People on Paper exhibit to show in Port Orchard through May 31.

The human figure has been alluring to the artist’s eye for centuries.

Picasso abstracted it. Van Gogh evoked its melancholy and labor. Da Vinci studied it intensely both in portrait and in movement as well as in sentiment and science.

Port Orchard artist Gregg Scott subtly does some of the same in the works that comprise his show “People on Paper,” which hangs through May 31 in the front room gallery of the Custom Framing shop in downtown Port Orchard. A reception is slated for 4 p.m. May 9.

Of course, the aforementioned archaic painters worked in oils and acrylics while Scott works in mostly stark charcoal. Still, some of the masterpieces that are so highly admired and revered today evolved from sketched studies on the human form like the ones in this show.

It is Scott’s studies that make up “People on Paper” at Custom Framing.

A graphic designer by trade, living with his wife and two kids in Port Orchard, he sits in on figure drawing classes with live models around Seattle, and sometimes in Kitsap, as a hobby. Sometimes, he anonymously draws random people that he sees on the street.

“A lot of these I’d just take home and sit in a drawer somewhere,” Scott said of the pieces on the wall.

That is until some of his friends and fellow artists suggested that he put them out for show.

“What makes figure drawing so hard is that everybody knows what people look like,” Scott noted.

So, if the artist makes even the most minor of mistake, Scott said, it can come out looking not quite right to the viewer’s eye.
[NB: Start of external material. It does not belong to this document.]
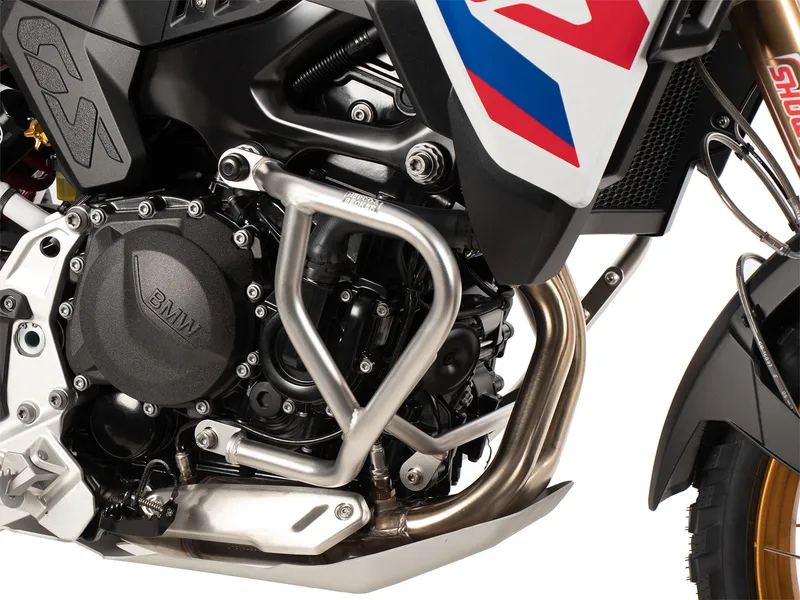 Защитные дуги двигателя Hepco&Becker для BMW F900GS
Perhaps that’s why his sketches have been in the drawer for so long, and perhaps that’s also what so enraptured the artists of yesteryear.

Da Vinci studied it right down to the science of it, employing extra skinny models to better examine the human muscle composition, which was the only way, he said, one could ever really get it right.

“Mostly I’m just struggling to get it right,” Scott said of his method. “Most of them are about 20-minute pieces … it’s kind of like photojournalism in a way, especially when you’re trying to catch people on the street.”

Scott’s approach is multifaceted.

While he’s been the type to sketch and draw for most all his life, he went to college with the original intent of actually becoming a journalist. During his study, he’d taken a few drawing and figure drawing courses on the side, “not even thinking that I would go that way, I just thought they would be easy classes,” he noted.

The classes ended up not being so easy, and Scott also ended up excelling.

Midway through the year, his professors — including the head of the design department — convinced him that the art route might be the way to go. He listened, and it led to a career in graphic design, getting paid for things like illustrating children’s books and crafting local business logos.

In fact, he designed the logo for Custom Framing. You can see his commercial art on the sign outside the building, and on the inside, you’ll find his quick-handed, emotive people in the motion-laden free time sketches.

“I kind of like it when there’s that sense of urgency,” Scott said, looking at his framed drawings on the wall. “But it’s kind of volatile. You can’t erase, I don’t even try to erase … .”

When looking at the show, I can’t help but feel an array of different emotions from the expression of each face in each piece. For example, the face piece of the show (which was the image on the flyer) is a fairly distinctive profile sketch of an old woman sitting looking straight ahead — you can feel the boredom in her face and posture.

You can feel the sexiness in another sketch of a seductive-looking woman with her dark hair pulled up, who’s in the beginning stage of pulling her dress off of her body.

Then, there’s the classic scene of a woman deep in thought, sitting alone with a cup of coffee, a portrait the masters have been drawing for centuries. WU

Gregg Scott’s exhibit of figure drawings called “People on Paper” will hang in the front room gallery of the Custom Framing Shop, 839 Bay St. in Port Orchard. An artist’s reception is slated for 4-6 p.m. May 9. Next month Custom Framing, which just this year started featuring artists, will host the whimsical work of an old Alaskan lady named Ree Munoz.